Problem to work on>
Start with the first line of the data and end with the line that holds "Hinkley Lighting - Hollis"; write out each one exactly.

Stored dataset items:
= = = =
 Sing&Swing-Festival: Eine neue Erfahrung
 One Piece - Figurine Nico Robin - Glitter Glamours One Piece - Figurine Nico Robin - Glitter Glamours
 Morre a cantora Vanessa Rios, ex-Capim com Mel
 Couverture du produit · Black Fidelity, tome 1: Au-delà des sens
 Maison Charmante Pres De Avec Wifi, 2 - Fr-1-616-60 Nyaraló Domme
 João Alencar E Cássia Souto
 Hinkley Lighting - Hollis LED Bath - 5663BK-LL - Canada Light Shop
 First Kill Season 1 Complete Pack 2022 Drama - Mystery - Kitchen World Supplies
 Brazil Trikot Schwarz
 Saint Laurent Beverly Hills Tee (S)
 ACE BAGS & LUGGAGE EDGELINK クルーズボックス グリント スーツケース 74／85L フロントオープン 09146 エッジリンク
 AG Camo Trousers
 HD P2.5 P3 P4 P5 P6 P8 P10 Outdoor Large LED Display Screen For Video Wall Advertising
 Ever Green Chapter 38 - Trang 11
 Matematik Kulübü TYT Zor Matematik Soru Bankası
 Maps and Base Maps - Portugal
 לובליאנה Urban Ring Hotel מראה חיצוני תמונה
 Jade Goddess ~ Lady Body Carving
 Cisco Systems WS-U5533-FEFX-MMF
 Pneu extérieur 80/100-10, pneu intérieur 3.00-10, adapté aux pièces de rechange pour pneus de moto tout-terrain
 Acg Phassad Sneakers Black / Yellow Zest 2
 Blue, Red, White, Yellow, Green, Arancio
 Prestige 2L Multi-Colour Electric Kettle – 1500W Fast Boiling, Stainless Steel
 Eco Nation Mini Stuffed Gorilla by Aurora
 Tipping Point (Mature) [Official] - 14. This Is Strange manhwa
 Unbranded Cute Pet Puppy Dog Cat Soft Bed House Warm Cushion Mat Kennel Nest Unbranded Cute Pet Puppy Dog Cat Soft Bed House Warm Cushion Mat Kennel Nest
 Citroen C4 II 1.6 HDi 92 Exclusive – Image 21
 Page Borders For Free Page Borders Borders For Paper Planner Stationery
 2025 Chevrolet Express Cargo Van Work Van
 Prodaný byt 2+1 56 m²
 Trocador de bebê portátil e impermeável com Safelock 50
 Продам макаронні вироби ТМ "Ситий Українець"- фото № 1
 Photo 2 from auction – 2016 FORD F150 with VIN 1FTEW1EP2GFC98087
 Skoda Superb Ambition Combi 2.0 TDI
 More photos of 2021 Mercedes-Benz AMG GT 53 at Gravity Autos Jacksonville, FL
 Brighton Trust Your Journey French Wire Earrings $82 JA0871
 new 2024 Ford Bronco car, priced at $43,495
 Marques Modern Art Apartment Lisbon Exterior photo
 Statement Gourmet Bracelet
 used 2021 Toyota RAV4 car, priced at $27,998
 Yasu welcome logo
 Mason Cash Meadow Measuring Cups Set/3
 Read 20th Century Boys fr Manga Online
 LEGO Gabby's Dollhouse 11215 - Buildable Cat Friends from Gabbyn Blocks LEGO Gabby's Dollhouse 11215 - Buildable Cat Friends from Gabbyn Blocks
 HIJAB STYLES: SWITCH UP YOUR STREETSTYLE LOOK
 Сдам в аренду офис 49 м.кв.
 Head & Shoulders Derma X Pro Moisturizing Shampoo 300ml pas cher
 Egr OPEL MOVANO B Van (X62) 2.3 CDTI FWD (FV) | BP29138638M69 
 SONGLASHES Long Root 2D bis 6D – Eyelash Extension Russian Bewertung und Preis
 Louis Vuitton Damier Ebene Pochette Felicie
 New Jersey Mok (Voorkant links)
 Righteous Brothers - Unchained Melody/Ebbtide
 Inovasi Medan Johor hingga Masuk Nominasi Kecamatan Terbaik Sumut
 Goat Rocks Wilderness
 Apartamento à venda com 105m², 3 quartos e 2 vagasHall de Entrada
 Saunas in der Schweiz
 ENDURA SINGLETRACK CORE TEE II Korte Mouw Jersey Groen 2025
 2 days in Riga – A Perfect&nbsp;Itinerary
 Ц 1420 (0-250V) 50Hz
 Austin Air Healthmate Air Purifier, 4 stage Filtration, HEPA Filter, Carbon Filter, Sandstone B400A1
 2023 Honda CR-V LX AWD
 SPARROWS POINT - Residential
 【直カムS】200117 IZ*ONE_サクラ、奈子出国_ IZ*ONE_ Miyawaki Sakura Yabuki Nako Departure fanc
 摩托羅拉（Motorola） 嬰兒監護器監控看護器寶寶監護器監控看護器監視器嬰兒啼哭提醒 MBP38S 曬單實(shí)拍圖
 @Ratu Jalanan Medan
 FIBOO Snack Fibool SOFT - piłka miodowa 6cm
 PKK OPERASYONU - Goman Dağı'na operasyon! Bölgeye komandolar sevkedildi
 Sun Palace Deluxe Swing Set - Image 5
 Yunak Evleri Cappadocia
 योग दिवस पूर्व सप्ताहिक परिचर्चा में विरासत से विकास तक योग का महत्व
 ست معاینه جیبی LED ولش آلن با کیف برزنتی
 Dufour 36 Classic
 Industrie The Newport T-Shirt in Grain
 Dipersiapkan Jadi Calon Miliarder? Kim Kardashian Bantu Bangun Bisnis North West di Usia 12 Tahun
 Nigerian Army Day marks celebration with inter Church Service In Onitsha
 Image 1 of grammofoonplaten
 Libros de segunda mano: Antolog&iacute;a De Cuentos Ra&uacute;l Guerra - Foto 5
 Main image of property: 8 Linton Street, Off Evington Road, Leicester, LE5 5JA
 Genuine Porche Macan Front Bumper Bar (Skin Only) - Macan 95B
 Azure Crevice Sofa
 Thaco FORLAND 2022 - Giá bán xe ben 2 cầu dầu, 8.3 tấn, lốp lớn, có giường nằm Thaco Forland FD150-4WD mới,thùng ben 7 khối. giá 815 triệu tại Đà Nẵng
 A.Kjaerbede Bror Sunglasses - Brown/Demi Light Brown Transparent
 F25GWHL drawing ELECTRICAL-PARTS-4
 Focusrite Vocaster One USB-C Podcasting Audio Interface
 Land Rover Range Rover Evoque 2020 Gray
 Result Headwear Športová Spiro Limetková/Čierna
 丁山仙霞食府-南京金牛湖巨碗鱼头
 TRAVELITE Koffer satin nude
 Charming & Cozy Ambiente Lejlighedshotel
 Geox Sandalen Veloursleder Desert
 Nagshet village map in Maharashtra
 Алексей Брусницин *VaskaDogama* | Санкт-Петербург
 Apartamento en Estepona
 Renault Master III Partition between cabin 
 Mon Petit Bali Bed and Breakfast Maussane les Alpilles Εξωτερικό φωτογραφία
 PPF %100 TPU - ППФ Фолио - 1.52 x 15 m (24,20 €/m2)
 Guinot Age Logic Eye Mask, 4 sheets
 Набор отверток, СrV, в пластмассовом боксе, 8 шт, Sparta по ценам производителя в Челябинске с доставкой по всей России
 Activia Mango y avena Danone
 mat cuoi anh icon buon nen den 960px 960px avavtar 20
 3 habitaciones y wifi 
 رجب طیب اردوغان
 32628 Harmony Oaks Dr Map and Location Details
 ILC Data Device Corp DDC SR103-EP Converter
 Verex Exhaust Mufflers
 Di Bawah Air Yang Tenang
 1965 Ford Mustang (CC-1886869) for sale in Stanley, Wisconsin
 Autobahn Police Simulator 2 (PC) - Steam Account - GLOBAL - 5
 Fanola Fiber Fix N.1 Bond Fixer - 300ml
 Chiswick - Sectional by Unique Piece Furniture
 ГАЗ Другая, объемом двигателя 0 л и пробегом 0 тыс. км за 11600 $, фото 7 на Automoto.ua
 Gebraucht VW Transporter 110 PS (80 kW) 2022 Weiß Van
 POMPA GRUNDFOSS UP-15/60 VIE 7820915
= = = =
Reply>
 Sing&Swing-Festival: Eine neue Erfahrung
 One Piece - Figurine Nico Robin - Glitter Glamours One Piece - Figurine Nico Robin - Glitter Glamours
 Morre a cantora Vanessa Rios, ex-Capim com Mel
 Couverture du produit · Black Fidelity, tome 1: Au-delà des sens
 Maison Charmante Pres De Avec Wifi, 2 - Fr-1-616-60 Nyaraló Domme
 João Alencar E Cássia Souto
 Hinkley Lighting - Hollis LED Bath - 5663BK-LL - Canada Light Shop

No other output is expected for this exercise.